Originally from Maryland, brothers Benjamin and Joseph Snow arrived in Bloomington in the early 1850s, where they enjoyed professional success and social respectability. By 1855, if not earlier, the Snow brothers began publishing The Bloomington Times, and for the next seven or so years they excelled in the art of printed provocation. The Times was a rabidly pro-southern, anti-Lincoln, anti-war weekly paper.
The Times was against the U.S. Civil War, calling it an unnecessary, unconstitutional war which was the result of “wicked and persistent assaults” by radical Republicans “upon the rights and property of their fellow citizens of the South,” The Pantagraph condemned such statements, declaring The Times “fairly reeks with evidences of its editor’s warm sympathy with treason.”
After financial troubles led The Times into foreclosure, it was up and running again in 1862, though not for long.
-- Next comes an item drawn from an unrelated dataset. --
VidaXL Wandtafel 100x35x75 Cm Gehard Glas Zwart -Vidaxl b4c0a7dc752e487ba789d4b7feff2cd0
On August 20, 1862, the 94th Regiment Illinois Volunteer Infantry organized on the McLean County Courthouse Square in downtown Bloomington, a ceremony and celebration capped by nearly 1,000 men taking the oath of allegiance.
With martial passions at their height, a squad of soldiers escorted the Snow brothers from their office, placed them on boxes on the Courthouse Square and forced them to take an oath of allegiance to the Union. As the two Snows departed the scene, one of them was said to have remarked that an oath given under duress is no oath at all. This statement infuriated the new soldiers and their rowdy (and assuredly inebriated) friends in the crowd. “A rush was made upon the Times office, the contents thrown into the street and burned.” The mob, according to one account, removed everything “from the coal shovel to the press, not leaving in the office a single piece of property.”
The Snows were successfully run out of town, but soon set up shop in Paris, Illinois. That newspaper also proved unpalatable to the local populace, and another mob sent them on their way. They finally settled in St. Louis, leaving the newspaper business for the quieter realms of real estate and farming.